About this exercise:
Each line below needs to be printed again exactly.

* * * * * * * * *

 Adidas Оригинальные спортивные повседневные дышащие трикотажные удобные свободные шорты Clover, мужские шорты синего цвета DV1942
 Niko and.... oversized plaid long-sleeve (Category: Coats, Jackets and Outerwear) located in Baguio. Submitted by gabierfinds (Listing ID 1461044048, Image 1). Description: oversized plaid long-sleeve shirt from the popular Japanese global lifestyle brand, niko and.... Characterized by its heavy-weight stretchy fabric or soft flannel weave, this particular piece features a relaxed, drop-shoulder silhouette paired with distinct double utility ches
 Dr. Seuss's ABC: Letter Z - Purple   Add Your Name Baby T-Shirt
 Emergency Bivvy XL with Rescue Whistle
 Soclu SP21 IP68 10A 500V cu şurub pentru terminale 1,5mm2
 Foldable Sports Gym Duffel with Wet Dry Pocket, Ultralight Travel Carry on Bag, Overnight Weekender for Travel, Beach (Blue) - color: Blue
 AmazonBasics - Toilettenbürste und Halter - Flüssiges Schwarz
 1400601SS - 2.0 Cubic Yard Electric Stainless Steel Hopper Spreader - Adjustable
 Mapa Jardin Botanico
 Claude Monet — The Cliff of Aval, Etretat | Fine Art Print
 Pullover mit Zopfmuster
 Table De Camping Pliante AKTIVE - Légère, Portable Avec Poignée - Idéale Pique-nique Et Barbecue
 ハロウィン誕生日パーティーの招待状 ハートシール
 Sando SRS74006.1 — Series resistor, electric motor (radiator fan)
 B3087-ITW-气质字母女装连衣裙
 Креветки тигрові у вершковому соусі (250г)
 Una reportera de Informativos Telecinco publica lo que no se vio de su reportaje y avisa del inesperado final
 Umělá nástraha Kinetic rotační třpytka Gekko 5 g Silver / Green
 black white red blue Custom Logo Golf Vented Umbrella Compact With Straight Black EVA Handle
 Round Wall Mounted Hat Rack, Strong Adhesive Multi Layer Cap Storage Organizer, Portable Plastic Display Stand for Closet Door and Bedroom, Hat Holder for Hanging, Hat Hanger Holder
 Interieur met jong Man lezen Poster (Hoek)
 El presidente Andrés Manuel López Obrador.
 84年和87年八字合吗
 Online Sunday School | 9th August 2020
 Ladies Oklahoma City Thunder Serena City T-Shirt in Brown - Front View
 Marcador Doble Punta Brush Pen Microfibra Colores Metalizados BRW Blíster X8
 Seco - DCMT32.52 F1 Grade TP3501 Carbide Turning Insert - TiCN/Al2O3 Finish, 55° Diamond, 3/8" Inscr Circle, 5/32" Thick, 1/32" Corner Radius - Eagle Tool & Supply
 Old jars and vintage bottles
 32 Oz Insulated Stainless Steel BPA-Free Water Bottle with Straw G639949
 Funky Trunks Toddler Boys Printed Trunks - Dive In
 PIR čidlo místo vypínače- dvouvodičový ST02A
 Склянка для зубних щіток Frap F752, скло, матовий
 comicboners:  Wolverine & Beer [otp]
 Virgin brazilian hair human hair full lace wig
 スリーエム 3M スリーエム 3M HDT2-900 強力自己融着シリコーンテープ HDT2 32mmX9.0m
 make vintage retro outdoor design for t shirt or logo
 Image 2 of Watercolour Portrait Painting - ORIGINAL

* * * * * * * * *

Answer below:
 Adidas Оригинальные спортивные повседневные дышащие трикотажные удобные свободные шорты Clover, мужские шорты синего цвета DV1942
 Niko and.... oversized plaid long-sleeve (Category: Coats, Jackets and Outerwear) located in Baguio. Submitted by gabierfinds (Listing ID 1461044048, Image 1). Description: oversized plaid long-sleeve shirt from the popular Japanese global lifestyle brand, niko and.... Characterized by its heavy-weight stretchy fabric or soft flannel weave, this particular piece features a relaxed, drop-shoulder silhouette paired with distinct double utility ches
 Dr. Seuss's ABC: Letter Z - Purple   Add Your Name Baby T-Shirt
 Emergency Bivvy XL with Rescue Whistle
 Soclu SP21 IP68 10A 500V cu şurub pentru terminale 1,5mm2
 Foldable Sports Gym Duffel with Wet Dry Pocket, Ultralight Travel Carry on Bag, Overnight Weekender for Travel, Beach (Blue) - color: Blue
 AmazonBasics - Toilettenbürste und Halter - Flüssiges Schwarz
 1400601SS - 2.0 Cubic Yard Electric Stainless Steel Hopper Spreader - Adjustable
 Mapa Jardin Botanico
 Claude Monet — The Cliff of Aval, Etretat | Fine Art Print
 Pullover mit Zopfmuster
 Table De Camping Pliante AKTIVE - Légère, Portable Avec Poignée - Idéale Pique-nique Et Barbecue
 ハロウィン誕生日パーティーの招待状 ハートシール
 Sando SRS74006.1 — Series resistor, electric motor (radiator fan)
 B3087-ITW-气质字母女装连衣裙
 Креветки тигрові у вершковому соусі (250г)
 Una reportera de Informativos Telecinco publica lo que no se vio de su reportaje y avisa del inesperado final
 Umělá nástraha Kinetic rotační třpytka Gekko 5 g Silver / Green
 black white red blue Custom Logo Golf Vented Umbrella Compact With Straight Black EVA Handle
 Round Wall Mounted Hat Rack, Strong Adhesive Multi Layer Cap Storage Organizer, Portable Plastic Display Stand for Closet Door and Bedroom, Hat Holder for Hanging, Hat Hanger Holder
 Interieur met jong Man lezen Poster (Hoek)
 El presidente Andrés Manuel López Obrador.
 84年和87年八字合吗
 Online Sunday School | 9th August 2020
 Ladies Oklahoma City Thunder Serena City T-Shirt in Brown - Front View
 Marcador Doble Punta Brush Pen Microfibra Colores Metalizados BRW Blíster X8
 Seco - DCMT32.52 F1 Grade TP3501 Carbide Turning Insert - TiCN/Al2O3 Finish, 55° Diamond, 3/8" Inscr Circle, 5/32" Thick, 1/32" Corner Radius - Eagle Tool & Supply
 Old jars and vintage bottles
 32 Oz Insulated Stainless Steel BPA-Free Water Bottle with Straw G639949
 Funky Trunks Toddler Boys Printed Trunks - Dive In
 PIR čidlo místo vypínače- dvouvodičový ST02A
 Склянка для зубних щіток Frap F752, скло, матовий
 comicboners:  Wolverine & Beer [otp]
 Virgin brazilian hair human hair full lace wig
 スリーエム 3M スリーエム 3M HDT2-900 強力自己融着シリコーンテープ HDT2 32mmX9.0m
 make vintage retro outdoor design for t shirt or logo
 Image 2 of Watercolour Portrait Painting - ORIGINAL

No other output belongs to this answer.